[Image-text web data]
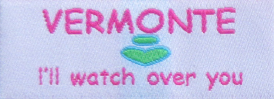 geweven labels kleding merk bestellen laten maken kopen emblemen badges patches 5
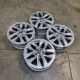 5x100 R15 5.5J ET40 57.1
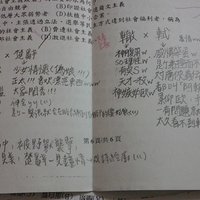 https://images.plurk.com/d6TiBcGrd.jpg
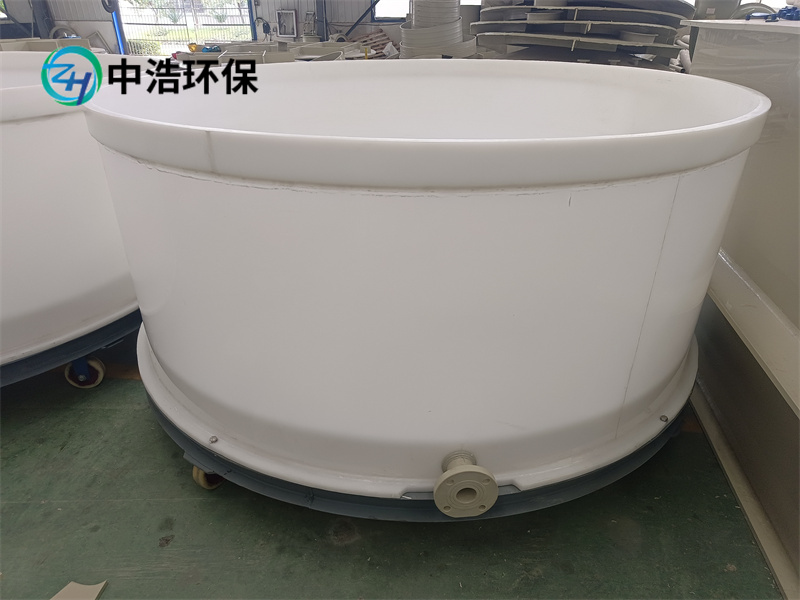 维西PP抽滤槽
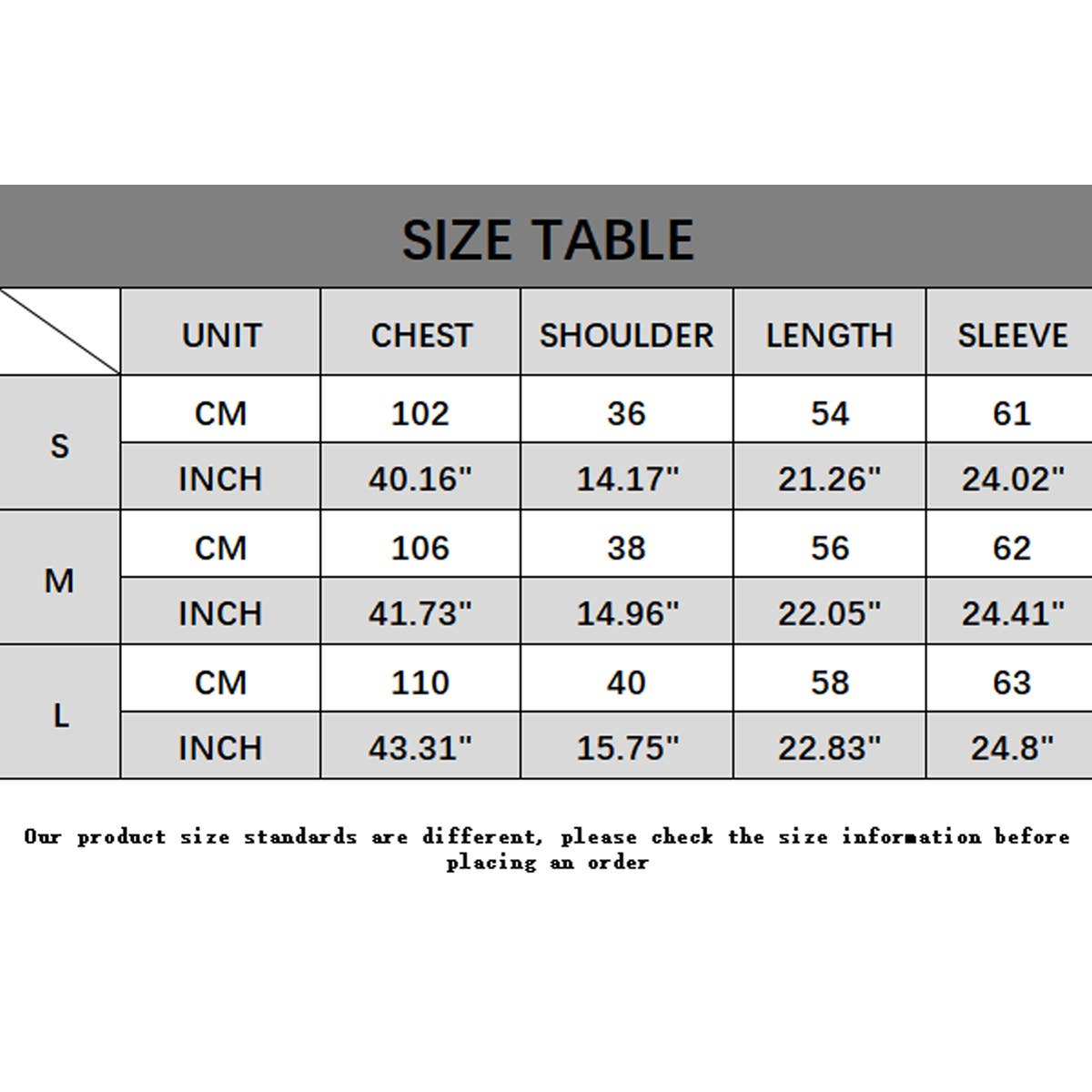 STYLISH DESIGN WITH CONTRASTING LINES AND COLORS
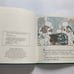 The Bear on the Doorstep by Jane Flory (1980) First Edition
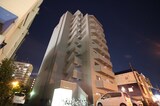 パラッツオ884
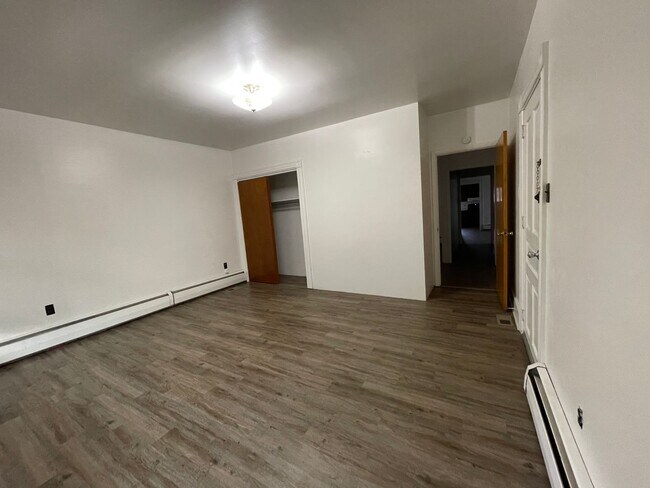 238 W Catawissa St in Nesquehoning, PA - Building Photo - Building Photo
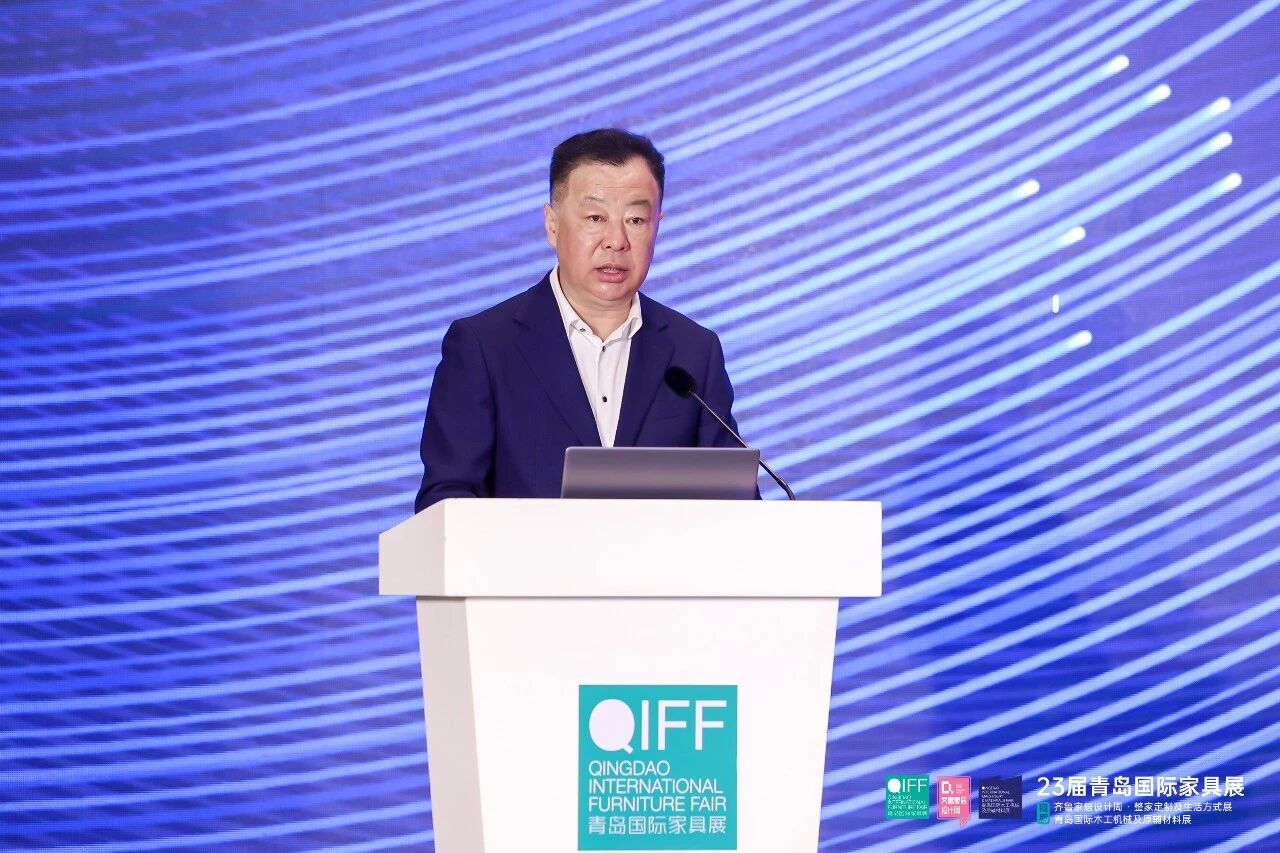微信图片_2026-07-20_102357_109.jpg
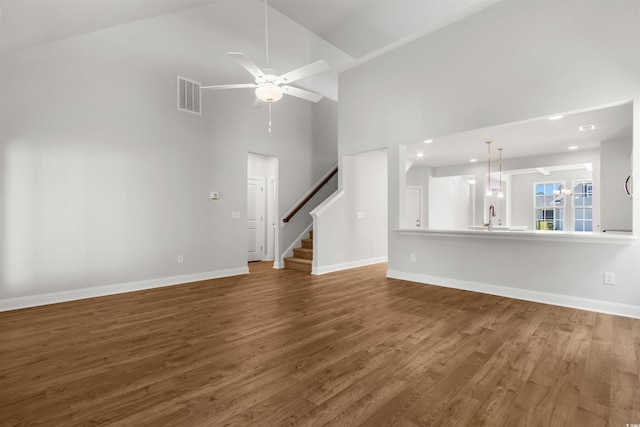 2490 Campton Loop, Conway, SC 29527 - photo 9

WHAT YOU NEED TO DO
Extract, character for character, every line from the one that holds "The Bear on" through the end of the entries above. Include both boundary lines and no pictures.

THE ANSWER
 The Bear on the Doorstep by Jane Flory (1980) First Edition
 パラッツオ884
 238 W Catawissa St in Nesquehoning, PA - Building Photo - Building Photo
微信图片_2026-07-20_102357_109.jpg
 2490 Campton Loop, Conway, SC 29527 - photo 9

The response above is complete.